Goal of the exercise: In the material below, print every line exactly and omit the pictures.

Dataset section:
*-*-*
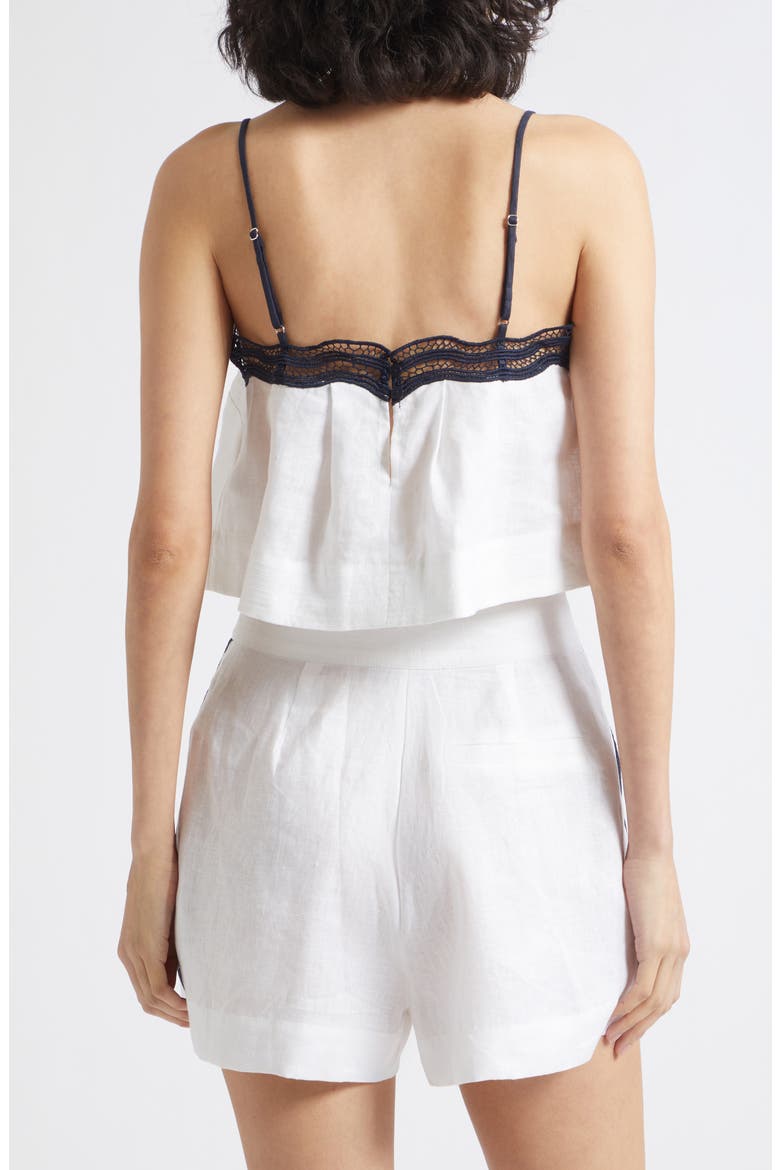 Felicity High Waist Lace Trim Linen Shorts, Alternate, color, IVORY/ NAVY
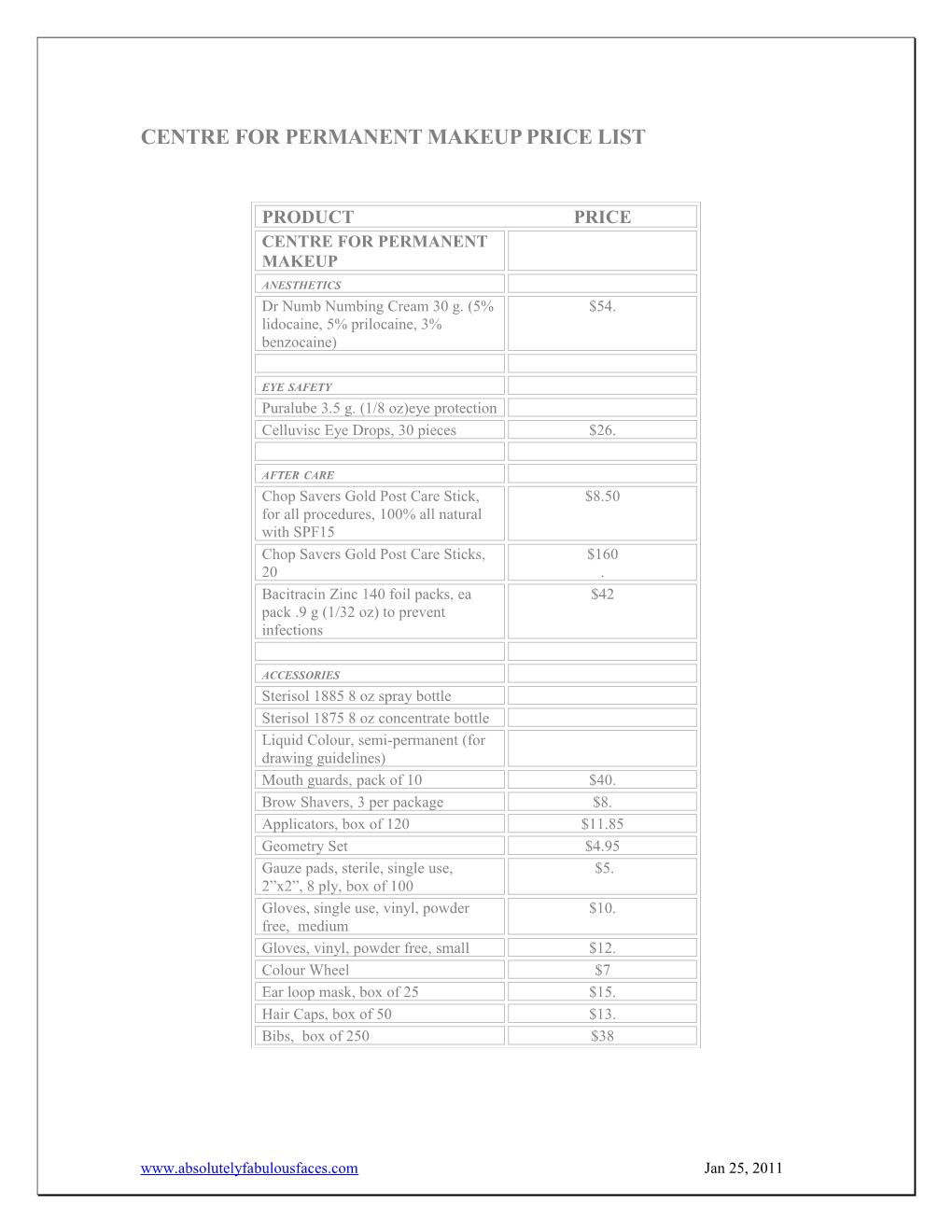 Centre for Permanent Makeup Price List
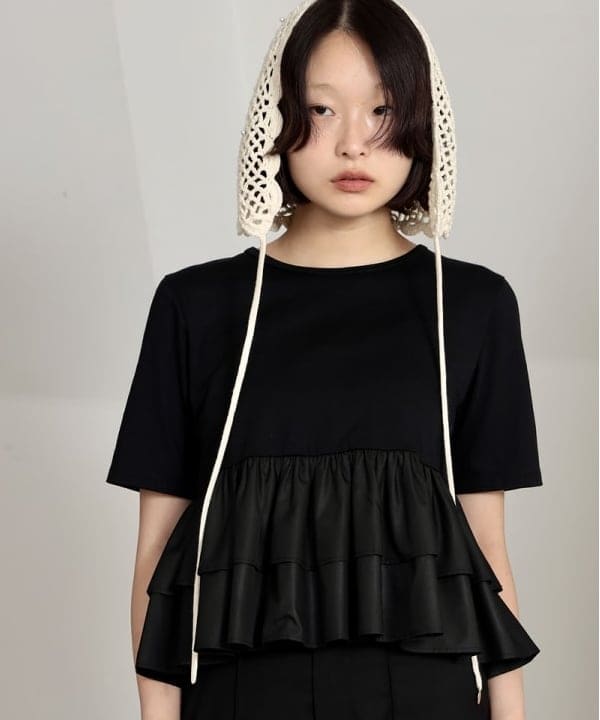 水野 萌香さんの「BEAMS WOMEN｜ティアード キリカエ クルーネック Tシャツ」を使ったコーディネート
*-*-*
Answer to the exercise:
 Felicity High Waist Lace Trim Linen Shorts, Alternate, color, IVORY/ NAVY
 Centre for Permanent Makeup Price List
 水野 萌香さんの「BEAMS WOMEN｜ティアード キリカエ クルーネック Tシャツ」を使ったコーディネート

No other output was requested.